もうすぐ



ウサギの男の子が、おばあちゃんとお出かけ。


歩いていくと、畑しごとをしていた、チャボさんに会いました。

チャボさんは男の子を見て、「やあ、ぼうや、大きくなりましたね。」と、言いました。

「ええ、らいげつ、4さいになるんです。」と、おばあちゃん。

「そりゃあ、もうすぐだ、楽しみだね。」と、チャボさんが言いました。


「おばあちゃん、ぼく、もうすぐ4さいになるの?」男の子が聞きました。

「ええ、そうよ。」




ウサギの男の子が、お父さんとお出かけ。


歩いていくと、自転車にのっている、イヌさんに会いました。

イヌさんは男の子とお父さんを見ると、「やあ、しばらく見ないうちに、大きくなったね。」自転車をとめて、言いました。

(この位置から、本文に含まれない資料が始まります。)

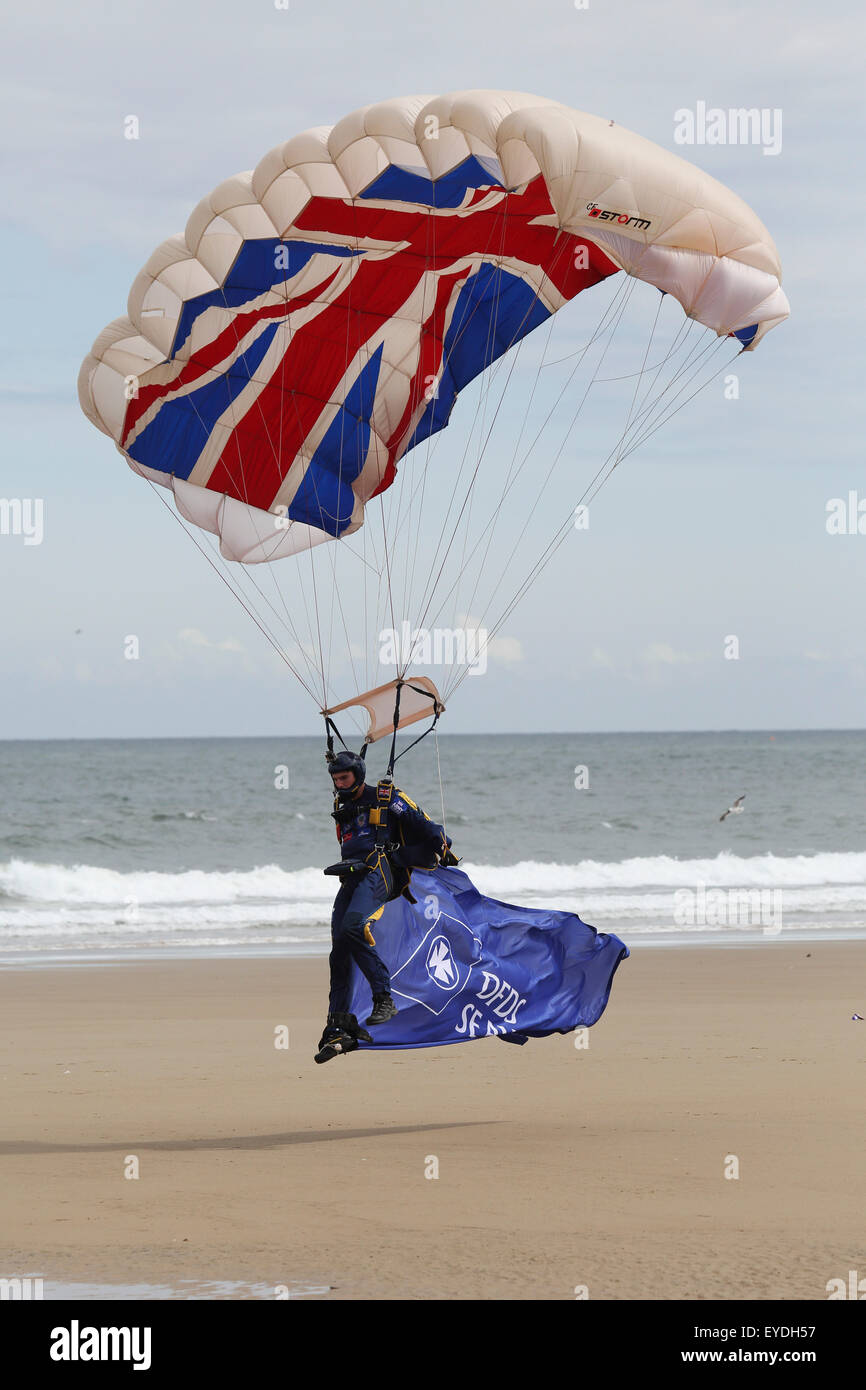 Un membro delle Tigri Parachute Display Team atterra sulla spiaggia a Seaburn durante il Sunderland Airshow internazionale, Inghilterra. La tigre Foto Stock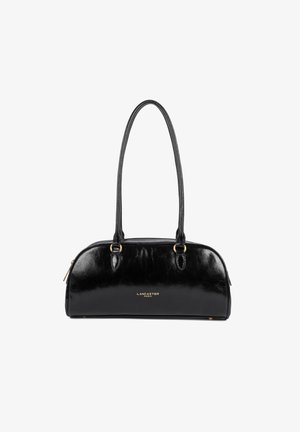 Borsa a tracolla in pelle nera con finitura lucida, forma curvata, manici doppi e accessori in oro. Presenta il marchio in oro sul davanti.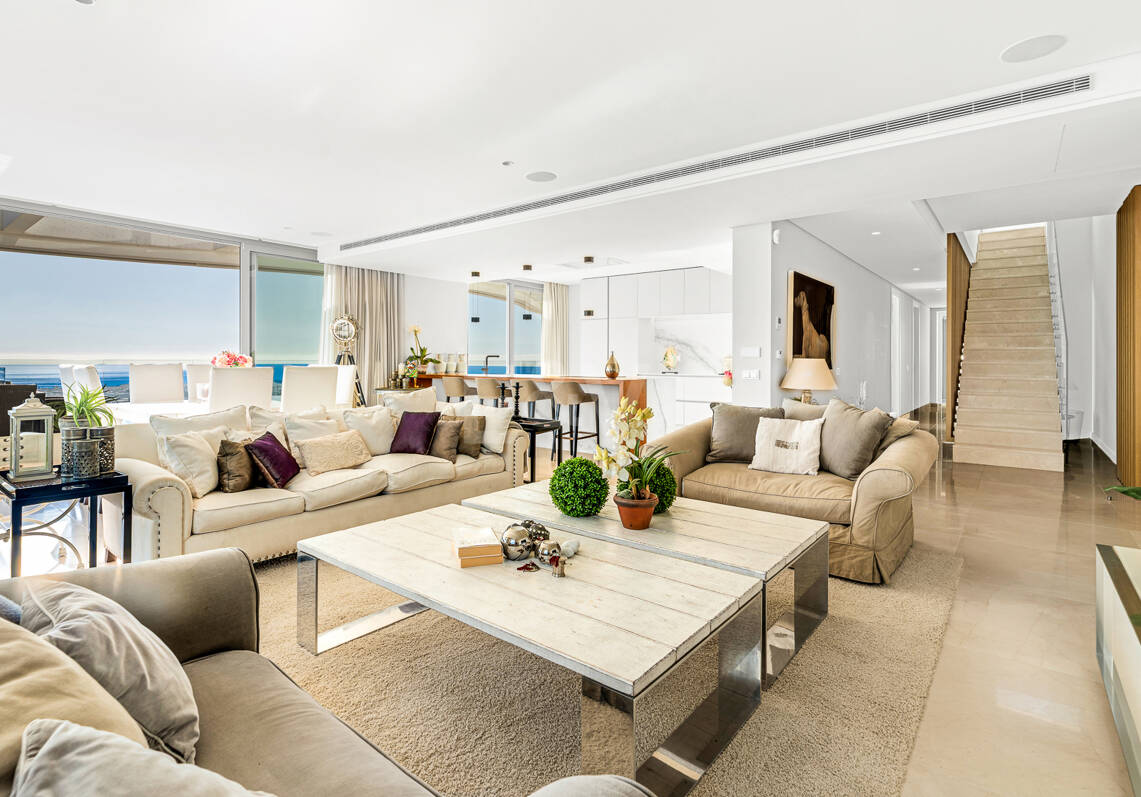 Ático de lujo en La Quinta con piscina privada y vistas abiertas al mar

「はい、らいしゅう、4さいになるんです。」と、お父さん。

「ああ、もうすぐ、お兄ちゃんだな。」イヌさんは、にっこり笑うと、また、自転車に乗って行ってしまいました。


「お父さん、ぼく、もうすぐ4さいになるの?」男の子が聞きました。

「ああ、そうだよ。」




ウサギの男の子が、お母さんとおでかけ。


歩いていくと、赤ちゃんをつれている、ヒツジさんに会いました。

ヒツジさんは男の子を見て、「すっかりお兄ちゃんになりましたね。」と、ベビーカーをゆらしながら、言いました。

「そう、明日で4さいになるんです。」と、お母さん。

「まあ、おめでとう、明日がおたんじょうびなのね!」ヒツジさんは、ベビーカーをおしながら、言ってしまいました。


「お母さん、ぼく、もうすぐ4さいになるの?」男の子が聞きました。

「そう、あしたよ!」



お家に帰ると、おじいちゃんが、庭のプラムの木にはしごをかけて、赤い実を取っているところでした。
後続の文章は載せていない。